Betty Nansen (née Betty Anna Maria Müller) (19 March 1873 – 15 March 1943) was a Danish actress and theatre director of the theater that carries her name, the Betty Nansen Theatre.

Biography
She was born on 19 March 1873.

She had her debut in the fall of 1893 in Copenhagen's Casino Theater as the title character in Victorien Sardou's Dora. She went on to play Magda in Hermann Sudermann's Homeland as well as the title character in Alexandre Dumas' The Lady of the Camellias. In the fall of 1896 she changed to the Royal Danish Theatre, where she had her debut as Martha in Ibsen's The Pillars of Society.

In 1913 to 1916, she went to the United States to try to make a career as a movie actress. She starred in a number of unsuccessful films by J. Gordon Edwards, e.g.

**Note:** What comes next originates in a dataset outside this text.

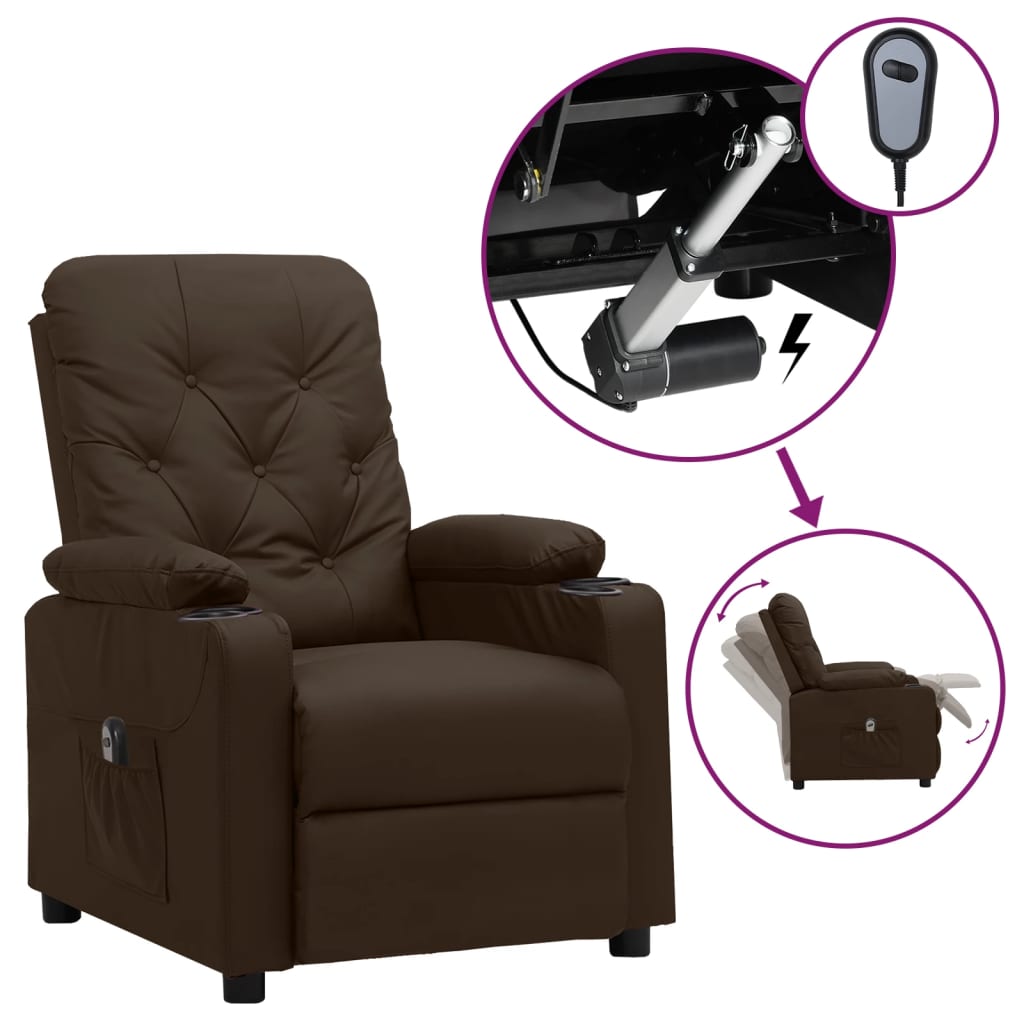 vidaXL Fotoliu rabatabil electric, maro, piele ecologică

Anna Karenina (which is now considered lost) The Song of Hate, Should a Mother Tell, A Woman's Resurrection, and The Celebrated Scandal.

After this failed attempt at movie stardom, she took over management of the Alexandra Theatre in Frederiksberg, which she went on to rename the Betty Nansen Theatre. She managed the theatre for 26 seasons until her death in 1943.

In 1896, she married the writer, journalist and director of Gyldendal, Peter Nansen (1861–1918). Her second marriage was to the actor Henrik Bentzon.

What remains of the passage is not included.